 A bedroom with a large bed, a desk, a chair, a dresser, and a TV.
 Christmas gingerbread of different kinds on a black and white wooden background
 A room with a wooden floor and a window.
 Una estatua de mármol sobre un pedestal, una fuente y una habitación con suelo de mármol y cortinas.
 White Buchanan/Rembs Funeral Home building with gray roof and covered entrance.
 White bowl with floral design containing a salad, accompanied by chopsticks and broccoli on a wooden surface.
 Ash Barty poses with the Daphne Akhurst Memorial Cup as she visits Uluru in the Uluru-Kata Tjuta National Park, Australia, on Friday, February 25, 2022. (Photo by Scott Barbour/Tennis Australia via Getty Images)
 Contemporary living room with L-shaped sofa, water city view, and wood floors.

◆ ◆ ◆ ◆

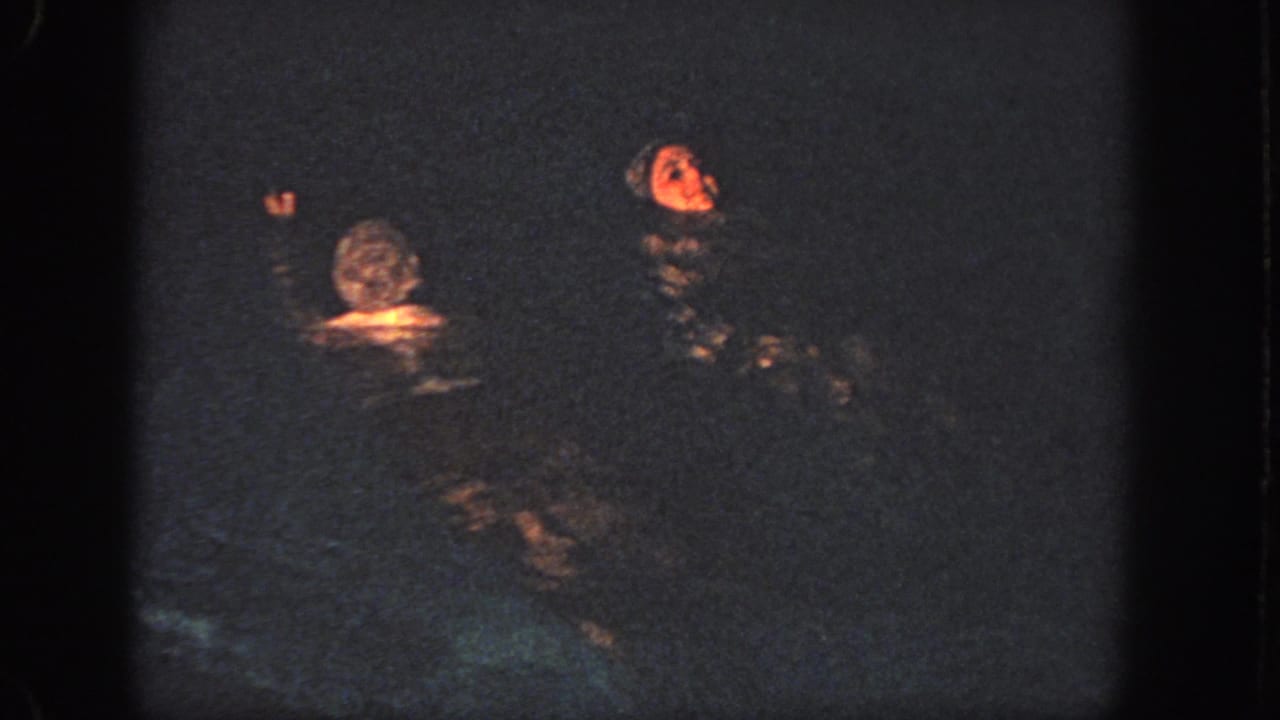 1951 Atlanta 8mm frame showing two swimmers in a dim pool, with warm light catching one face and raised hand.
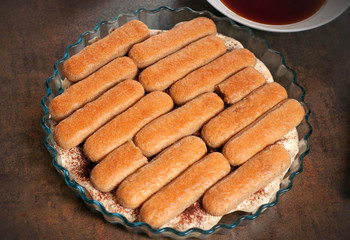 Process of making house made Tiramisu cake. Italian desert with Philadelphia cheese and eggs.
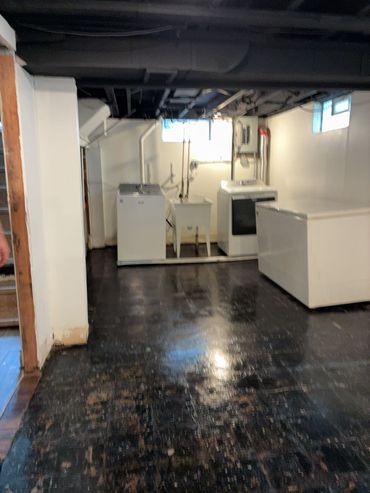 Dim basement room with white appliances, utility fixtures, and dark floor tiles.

◆ ◆ ◆ ◆

• _Work instructions_
Reproduce, exactly as they stand in the data above, the lines from the one that holds "A bedroom with" to the one that holds "White Buchanan/Rembs Funeral", inclusive.

• _Task solution_
 A bedroom with a large bed, a desk, a chair, a dresser, and a TV.
 Christmas gingerbread of different kinds on a black and white wooden background
 A room with a wooden floor and a window.
 Una estatua de mármol sobre un pedestal, una fuente y una habitación con suelo de mármol y cortinas.
 White Buchanan/Rembs Funeral Home building with gray roof and covered entrance.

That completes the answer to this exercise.